A proposito, come stanno le finanze di quello di Cosenza? Già perché le opere devono farsi, sindaco, ma bisogna capire se li abbiamo i soldi per farle e per completarle... Il terzo punto è invece: perché? E qui si accende la discussione a mio avviso più interessante, ossia quella sulla scelta della destinazione dei fondi pubblici su questa o quella opera, su questa o quella emergenza. Mi chiedo, le chiedo, ci chiediamo quindi: perché piazza Bilotti e non il centro storico? E ancora perché piazza Santa Teresa e non Piazza autolinee? Perché piazza XXV Luglio e non invece Vaglio Lise?

Ferme restando le scelte strategiche dell'amministrazione, quali sono le reali emergenze che il Comune individua come imprescindibili per un buon governo della viabilità, dell'ambiente, dell'urbanistica cittadina? Sono tutte opere che rientrano nel centro città quelle che sanano le emergenze? Perché se è così lo si dica chiaramente e i cittadini sapranno almeno quali sono i reali intendimenti del Comune: abbellire il centro città, abbellirlo al massimo e in fretta.

Occhiuto infine parlava dei beni comuni, che non sono la sommatoria delle istanze dei singoli, ma qualcosa che va oltre le proprie individuali aspirazioni. Ebbene, sindaco, noi saremmo anche disposti a sacrificare i nostri piccoli privilegi da singoli, come quello di circolare liberamente in una piazza senza rotatorie per la circolazione, come godere degli alberi secolari e anche perché no, della memoria dei luoghi.
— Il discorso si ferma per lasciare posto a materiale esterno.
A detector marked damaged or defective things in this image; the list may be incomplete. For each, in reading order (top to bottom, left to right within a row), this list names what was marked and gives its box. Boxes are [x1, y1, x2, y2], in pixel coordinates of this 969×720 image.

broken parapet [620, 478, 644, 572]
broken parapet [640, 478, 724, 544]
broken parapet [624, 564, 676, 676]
Ma ad una condizione: che a tutte quelle domande (chi, come, perché e altre ancora) venga data risposta. Perché come dimostrano altri esperimenti cittadini, di questa e altre città, dare la parola alla comunità che in quei suoi rendering dovrà poi viverci nella vita vera, è un valore aggiunto dell'opera, non un bieco interesse personale frutto della sindrome “non nel mio giardino”.
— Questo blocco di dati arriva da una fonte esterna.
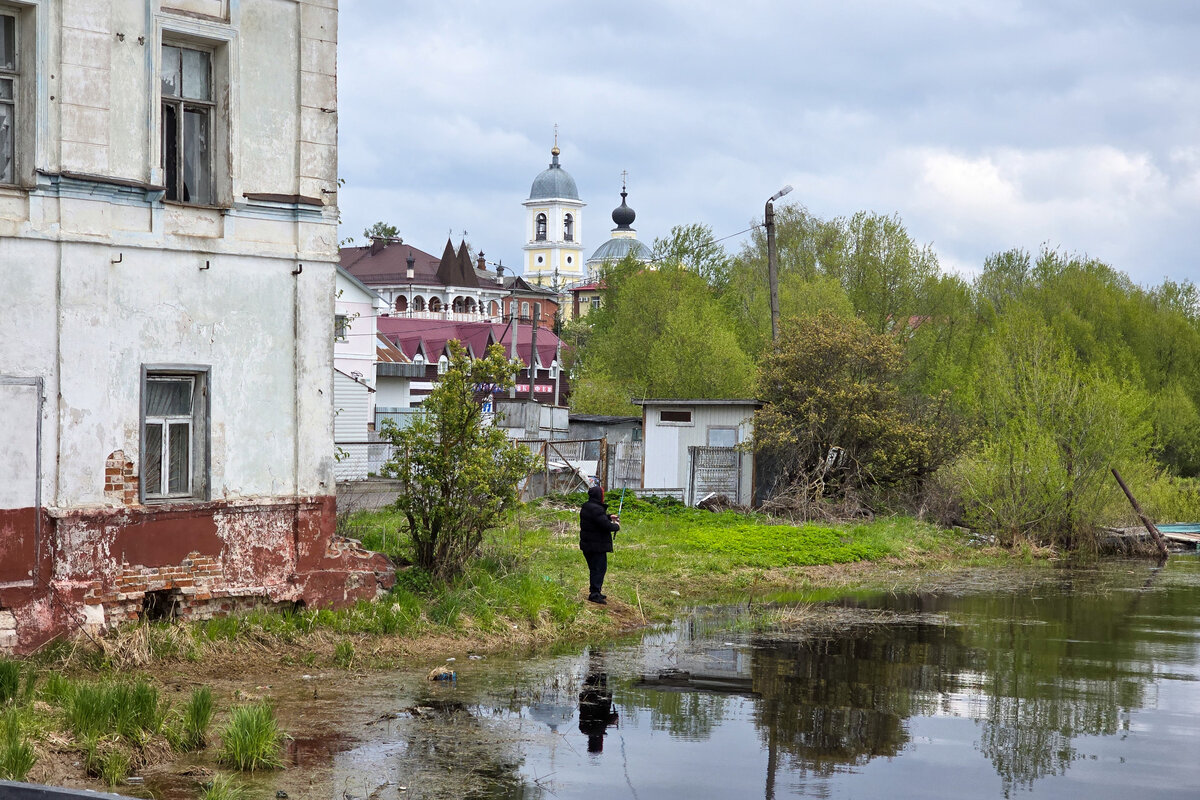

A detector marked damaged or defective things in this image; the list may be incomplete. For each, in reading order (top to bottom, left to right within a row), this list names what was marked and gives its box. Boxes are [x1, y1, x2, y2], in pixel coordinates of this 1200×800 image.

broken window [0, 9, 17, 184]
broken window [162, 43, 213, 206]
peeling plaster wall [0, 1, 386, 657]
broken window [142, 367, 211, 501]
La sindrome di cui siamo affetti noi cittadini, visto che le piace sempre mettere etichette cliniche a ogni critica alla sua amministrazione, è quella della buona politica. Quella fatta di partecipazione, senza deleghe in bianco. Quella fatta di trasparenza e di azione condivisa. Quella che distingue dei sudditi passivi da membri attivi di una comunità.